## ASSIGNMENT
Your output should be the lines from the one containing "CROME SNAIL SPF50" through the end of the listing, exact and inclusive, with no pictures.

## RECORDED INFORMATION
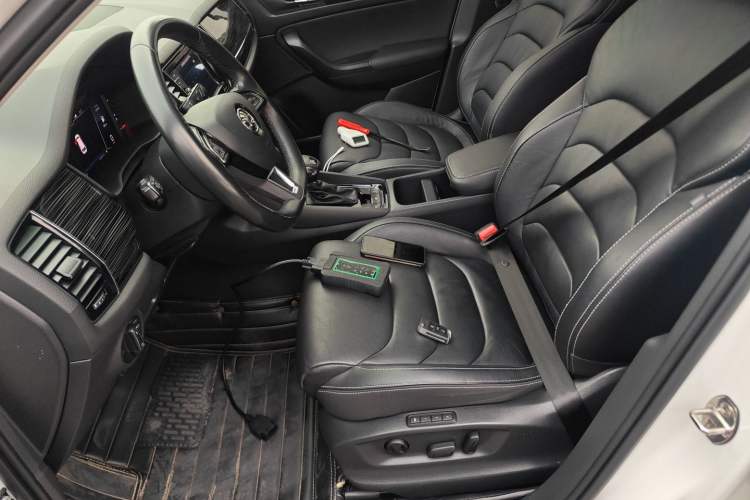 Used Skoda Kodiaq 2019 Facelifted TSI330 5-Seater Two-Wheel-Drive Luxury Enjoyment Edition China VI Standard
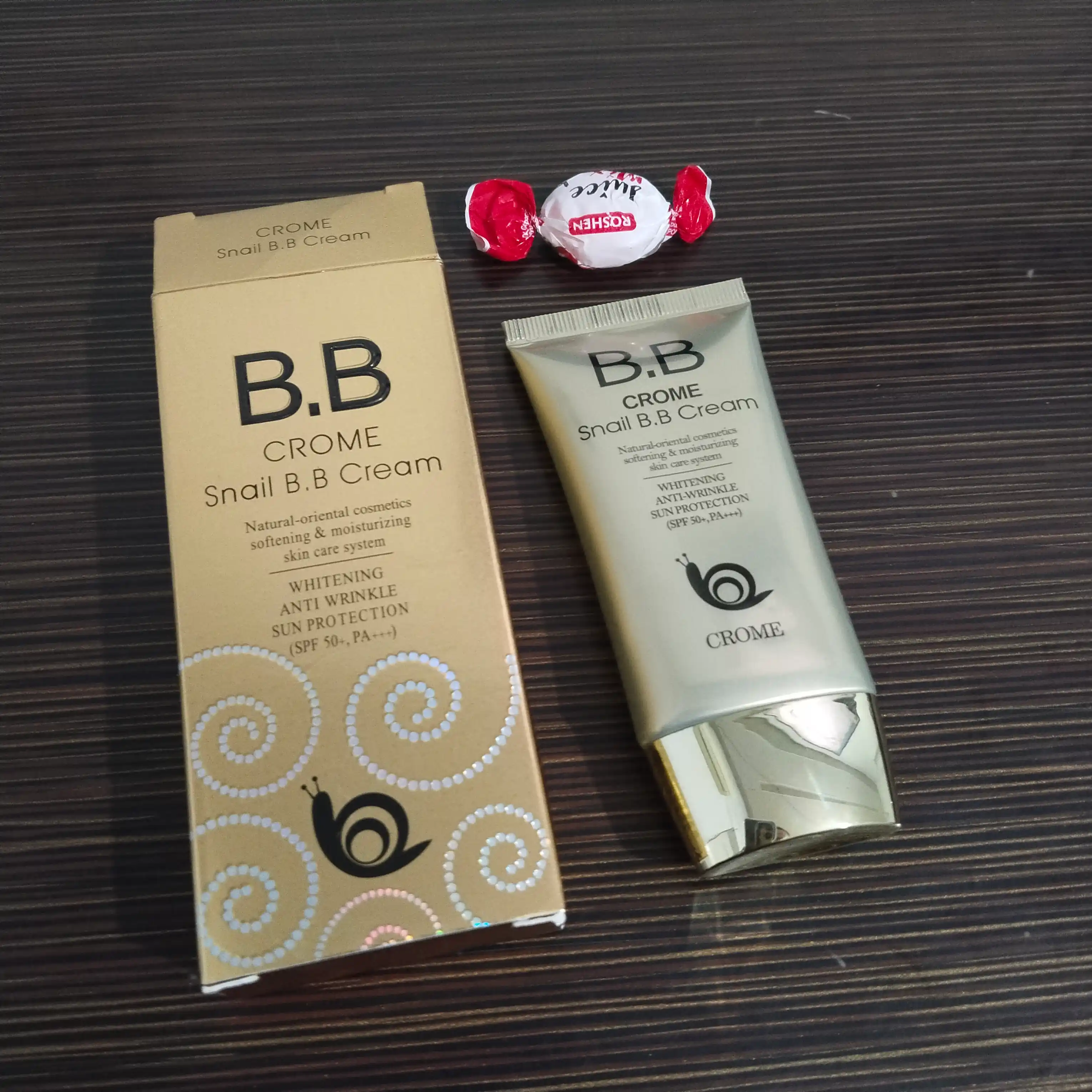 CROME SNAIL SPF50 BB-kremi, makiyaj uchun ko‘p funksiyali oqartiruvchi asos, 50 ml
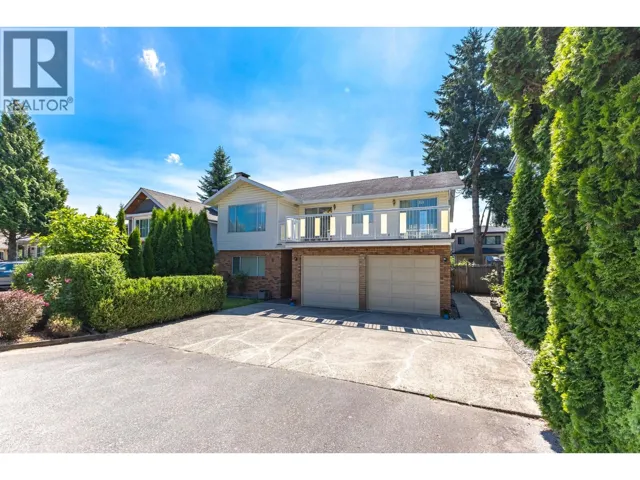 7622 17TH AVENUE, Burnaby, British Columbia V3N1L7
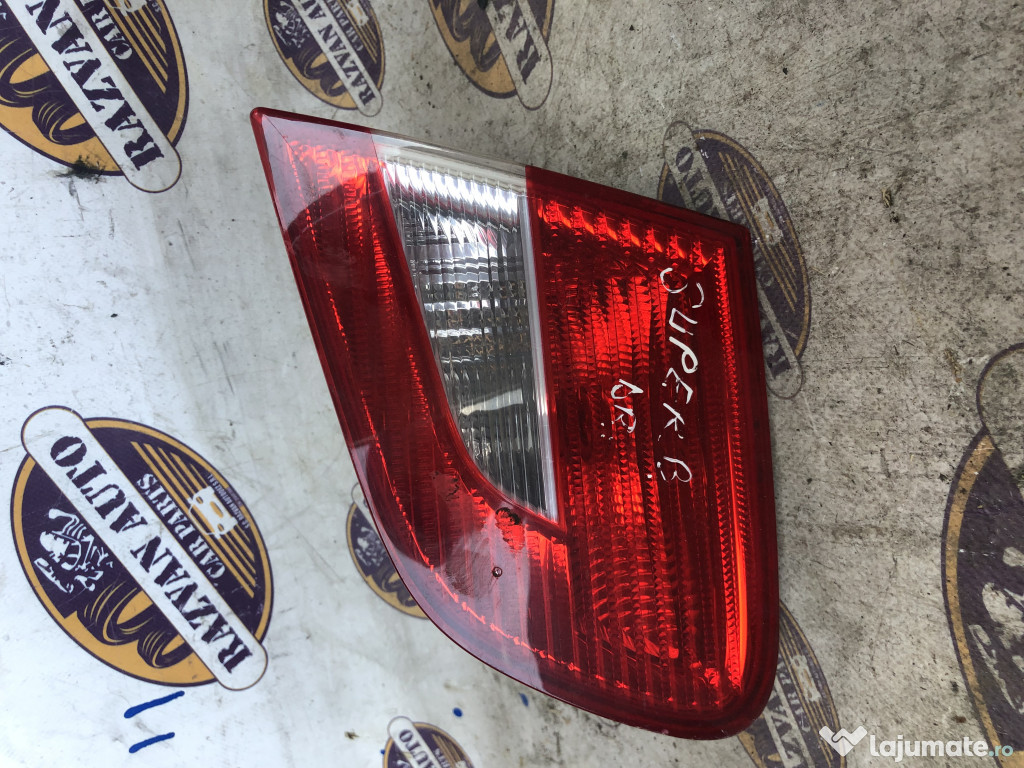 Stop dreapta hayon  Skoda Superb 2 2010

## ANSWER SPACE
 CROME SNAIL SPF50 BB-kremi, makiyaj uchun ko‘p funksiyali oqartiruvchi asos, 50 ml
 7622 17TH AVENUE, Burnaby, British Columbia V3N1L7
 Stop dreapta hayon  Skoda Superb 2 2010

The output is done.